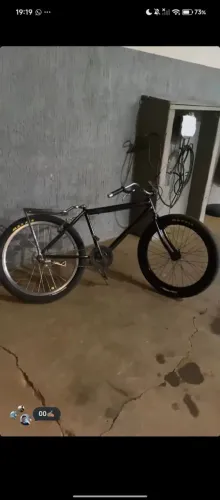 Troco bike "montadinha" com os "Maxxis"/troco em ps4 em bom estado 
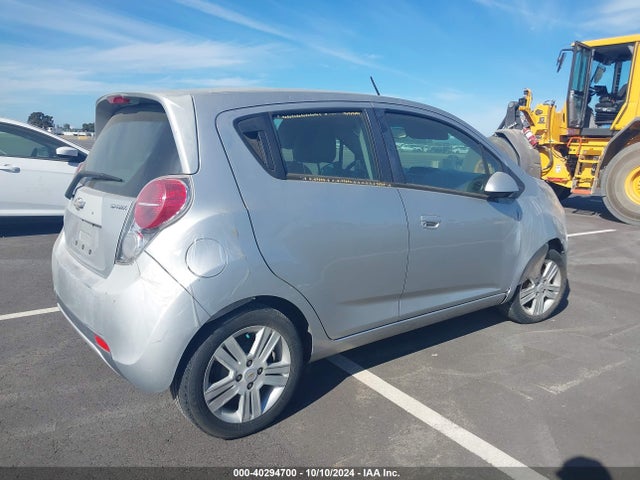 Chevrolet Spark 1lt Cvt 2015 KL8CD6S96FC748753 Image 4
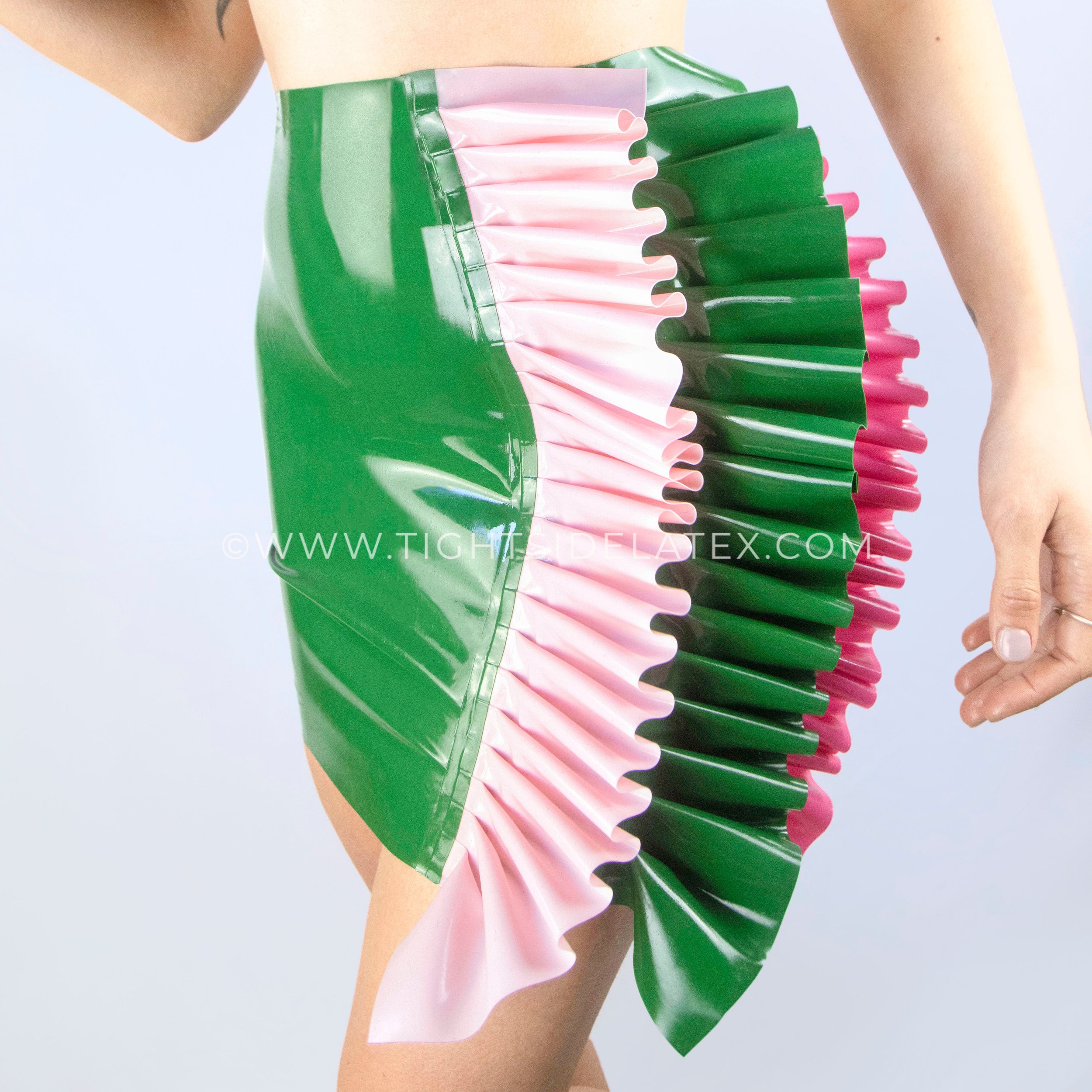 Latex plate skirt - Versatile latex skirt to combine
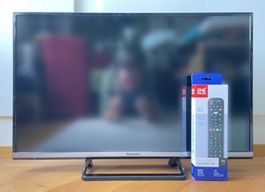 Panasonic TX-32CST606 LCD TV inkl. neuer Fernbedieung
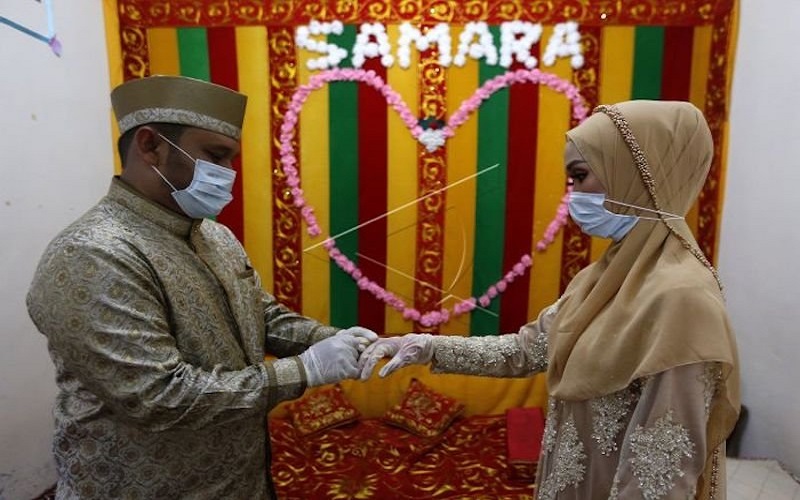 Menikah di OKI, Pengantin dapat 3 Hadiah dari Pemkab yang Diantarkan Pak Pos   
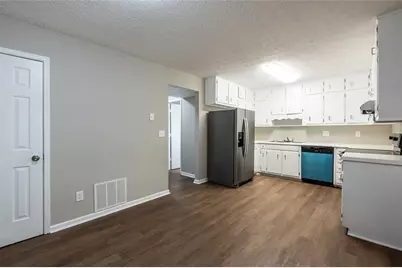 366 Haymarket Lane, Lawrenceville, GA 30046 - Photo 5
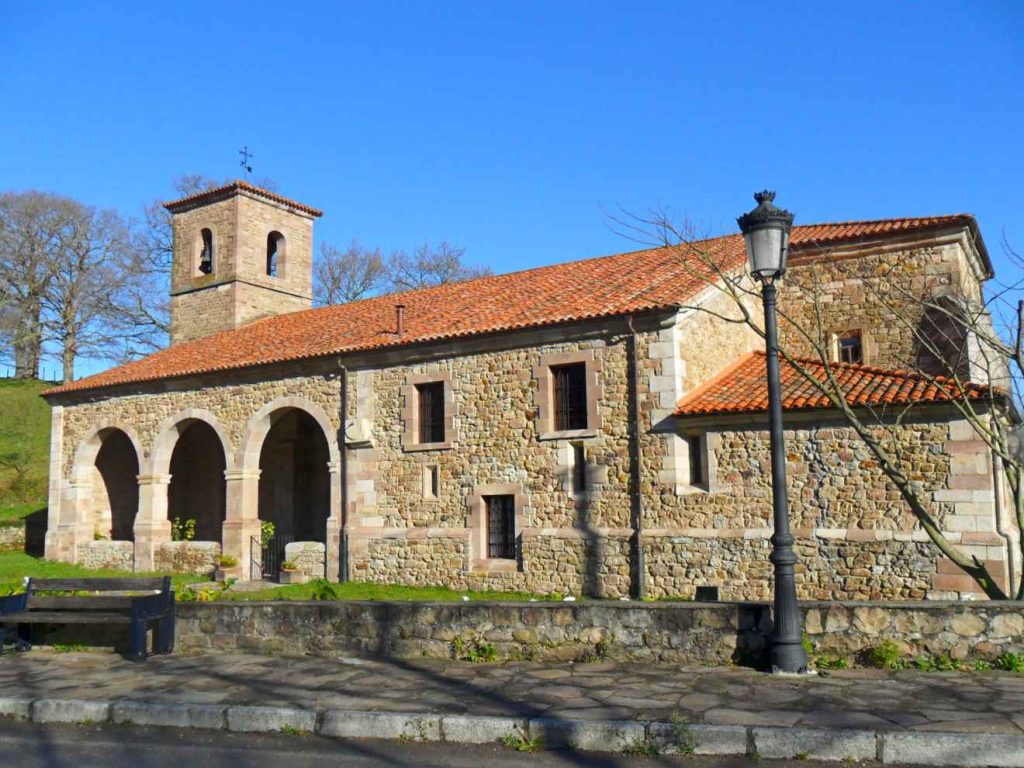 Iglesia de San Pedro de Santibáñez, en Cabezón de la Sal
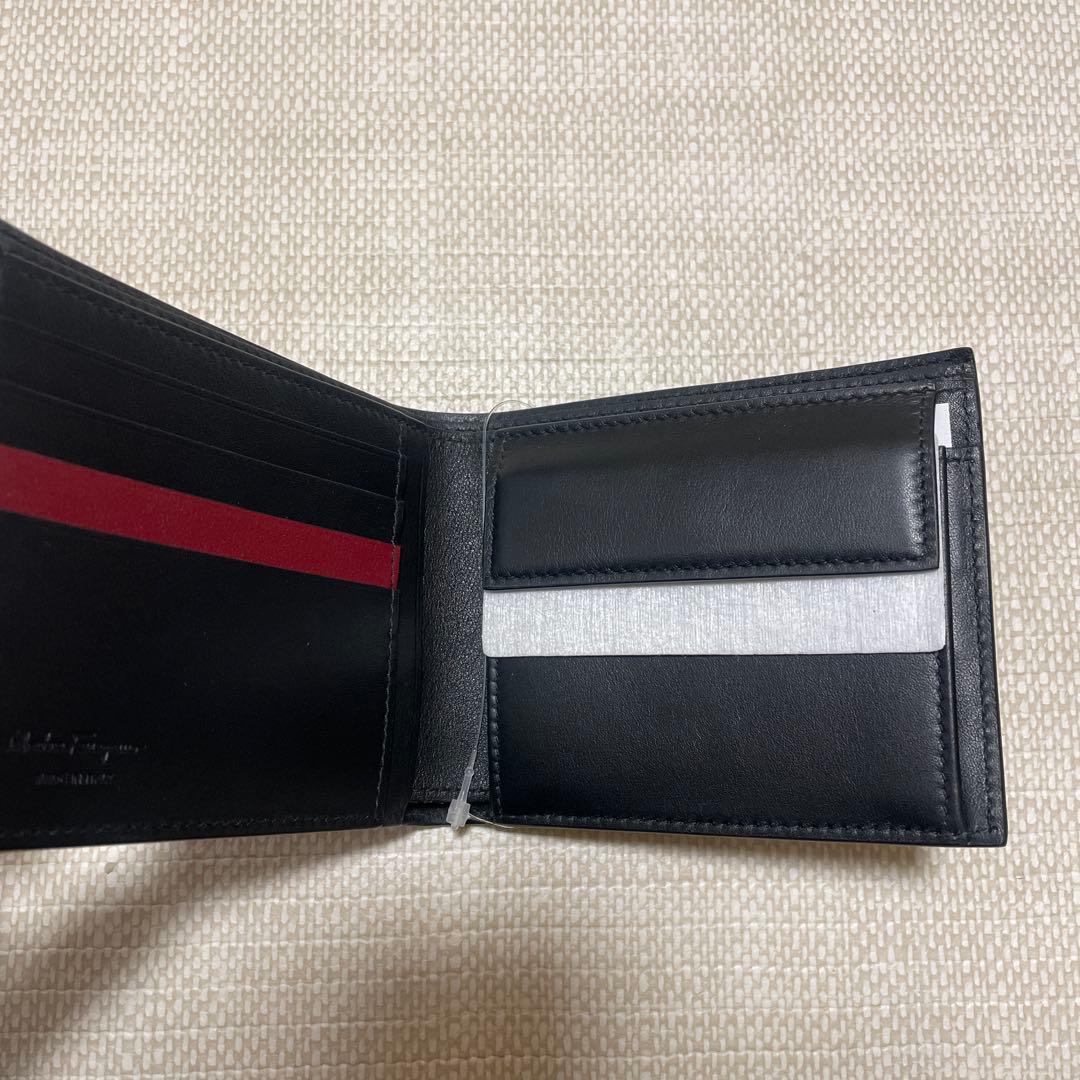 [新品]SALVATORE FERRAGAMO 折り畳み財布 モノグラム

....

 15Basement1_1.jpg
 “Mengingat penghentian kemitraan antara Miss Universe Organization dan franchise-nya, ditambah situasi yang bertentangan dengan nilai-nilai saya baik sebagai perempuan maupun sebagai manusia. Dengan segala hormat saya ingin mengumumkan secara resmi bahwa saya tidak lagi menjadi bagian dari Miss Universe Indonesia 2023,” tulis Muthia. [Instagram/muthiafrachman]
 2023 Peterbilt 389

....

— What to produce —
Go back to the lines above and output, exactly as they stand, the ones from the line containing "Panasonic TX-32CST606 LCD" to the line containing "[新品]SALVATORE FERRAGAMO 折り畳み財布 モノグラム". Leave all pictures behind.

— Task output —
 Panasonic TX-32CST606 LCD TV inkl. neuer Fernbedieung
 Menikah di OKI, Pengantin dapat 3 Hadiah dari Pemkab yang Diantarkan Pak Pos   
 366 Haymarket Lane, Lawrenceville, GA 30046 - Photo 5
 Iglesia de San Pedro de Santibáñez, en Cabezón de la Sal
 [新品]SALVATORE FERRAGAMO 折り畳み財布 モノグラム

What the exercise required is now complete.